Das Klaasohm-Brauchtum wird nicht selten als sexistisch und frauenfeindlich bezeichnet, gerade wegen der Schläge auf den Hintern mit dem Kuhhorn, die blaue Flecken oder rote Stellen hinterlassen können, denn die Gestalten sollen nicht zimperlich sein. Auch Frauen von der Insel sehen diesen Aspekt durchaus. Fragt man sie, heißt es allerdings: „Ja, das ist nun mal der Brauch“.

In der Geschichte des weltweiten Brauchtums finden sich zahlreiche Bräuche, bei denen „Gewalt“ gegen Frauen ein Thema ist und sie werden trotzdem bis heute praktiziert. Von den Insulanern und dem Verein gibt es dazu keine Meinungen oder Stellungnahmen. Für sie ist und bleibt der Klaasohm ihr höchstes Fest, das auch nur die Inselbewohner etwas angeht. Darüber hinaus machen die Frauen freiwillig mit, es ist ein Spaß mit einem leichten Prickeln, im Vordergrund steht das Jagd- und Fangspiel.

Der Klaasohm mag kein Marketing

Wer sich genauer mit dem Brauch befasst, der versteht, warum die Legende im Friesland Krimi als „Blauer Jan“ bezeichnet wird, abgeändert ist und nicht auf Borkum spielt. Der Klaasohm will keine medialer Hit oder ein Besuchermagnet sein. Das wichtigste und identitätsstiftende Fest der Borkumer soll nicht der kommerziellen Vermarktung in alle Richtungen und auch nicht dem Tourismus dienen, sondern ein Ereignis von und für die Inselbewohner sein. Darauf weist der Verein sogar mit einer speziellen Proklamation hin.

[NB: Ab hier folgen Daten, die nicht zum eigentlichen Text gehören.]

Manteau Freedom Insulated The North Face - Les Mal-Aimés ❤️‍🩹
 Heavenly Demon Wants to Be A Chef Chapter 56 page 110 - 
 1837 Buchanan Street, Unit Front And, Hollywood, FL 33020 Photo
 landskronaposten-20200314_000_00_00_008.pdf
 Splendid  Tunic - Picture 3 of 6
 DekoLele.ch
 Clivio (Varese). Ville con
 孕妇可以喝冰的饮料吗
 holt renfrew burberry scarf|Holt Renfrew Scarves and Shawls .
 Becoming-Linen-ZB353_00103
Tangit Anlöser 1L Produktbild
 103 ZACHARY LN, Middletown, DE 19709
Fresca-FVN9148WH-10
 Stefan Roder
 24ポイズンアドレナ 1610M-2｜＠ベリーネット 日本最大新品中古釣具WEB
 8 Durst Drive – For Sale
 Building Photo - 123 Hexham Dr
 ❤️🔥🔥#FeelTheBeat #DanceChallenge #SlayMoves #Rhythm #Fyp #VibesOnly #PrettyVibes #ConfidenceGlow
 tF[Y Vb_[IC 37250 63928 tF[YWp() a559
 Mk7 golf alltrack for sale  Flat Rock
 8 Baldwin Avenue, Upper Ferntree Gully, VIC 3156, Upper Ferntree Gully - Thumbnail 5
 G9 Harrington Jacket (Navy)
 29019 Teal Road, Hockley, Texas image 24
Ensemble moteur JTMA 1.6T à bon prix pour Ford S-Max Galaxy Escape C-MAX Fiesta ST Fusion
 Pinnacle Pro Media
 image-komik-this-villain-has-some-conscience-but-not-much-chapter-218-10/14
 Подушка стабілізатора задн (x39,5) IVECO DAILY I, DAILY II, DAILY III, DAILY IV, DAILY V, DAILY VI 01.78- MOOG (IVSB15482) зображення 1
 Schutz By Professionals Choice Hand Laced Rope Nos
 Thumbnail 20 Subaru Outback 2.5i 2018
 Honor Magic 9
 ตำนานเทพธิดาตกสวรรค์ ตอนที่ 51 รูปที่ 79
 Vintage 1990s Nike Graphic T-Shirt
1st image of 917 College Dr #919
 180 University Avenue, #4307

Es erscheinen keine Berichte, Fotos und Videos vom jährlichen Fest in den Medien. Was sich an Informationen bietet, stammt von Touristen und Journalisten, die den Klaasohm miterlebt haben. Dennoch lässt es sich nicht vermeiden, dass diese Haltung natürlich Neugier schürt. Mit „Verboten“ erreicht man schließlich meist das Gegenteil. Auf der anderen Seite kann man auch die Insulaner verstehen, wenn sie sich ein Stück kultige Privatsphäre bewahren wollen. Selbstverständlich können Besucher dem Klaasohm-Fest beiwohnen, jedoch ohne den Anspruch, das Brauchtum so zu verstehen wie es die Borkumer tun.